Animal behavior is organized into nested temporal patterns that span multiple timescales. This behavior hierarchy is believed to arise from a hierarchical neural architecture: Neurons near the top of the hierarchy are involved in planning, selecting, initiating, and maintaining motor programs, whereas those near the bottom of the hierarchy act in concert to produce fine spatiotemporal motor activity. In Caenorhabditis elegans , behavior on a long timescale emerges from ordered and flexible transitions between different behavioral states, such as forward, reversal, and turn. On a short timescale, different parts of the animal body coordinate fast rhythmic bending sequences to produce directional movements.
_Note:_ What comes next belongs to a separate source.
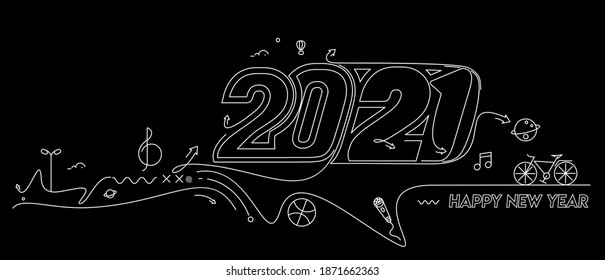 Happy New Year 2021 Text Typography Design Patter, Vector illustration.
Here, we show that Sublateral Anterior A (SAA), a class of interneurons that enable cross-communication between dorsal and ventral head motor neurons, play a dual role in shaping behavioral dynamics on different timescales. On a short timescale, SAA regulate and stabilize rhythmic bending activity during forward movements. On a long timescale, the same neurons suppress spontaneous reversals and facilitate reversal termination by inhibiting Ring Interneuron M (RIM), an integrating neuron that helps maintain a behavioral state. These results suggest that feedback from a lower-level cell assembly to a higher-level command center is essential for bridging behavioral dynamics at different levels.

中文翻译：

---

由一类中间神经元进行的分层行为控制


动物行为被组织成跨越多个时间尺度的嵌套时间模式。这种行为层次结构被认为源于分层神经架构：靠近层次结构顶部的神经元参与规划、选择、启动和维护运动程序，而靠近层次结构底部的神经元协同作用以产生精细的时空运动活动。在秀丽隐杆线虫中，长期行为出现在不同行为状态之间的有序和灵活的过渡中，例如向前、反转和转向。在短时间内，动物身体的不同部位协调快速有节奏的弯曲序列，以产生定向运动。在这里，我们表明 Sublateral Anterior A （SAA） 是一类能够在背侧和腹侧头部运动神经元之间交叉交流的中间神经元，在不同时间尺度上塑造行为动力学方面发挥着双重作用。在短时间内，SAA 调节和稳定向前运动期间的节律性弯曲活动。在很长的时间尺度上，相同的神经元通过抑制环形中间神经元 M （RIM） 来抑制自发逆转并促进逆转终止，RIM 是一种有助于维持行为状态的整合神经元。这些结果表明，从较低级别的单元组件到较高级别的指挥中心的反馈对于桥接不同级别的行为动力学至关重要。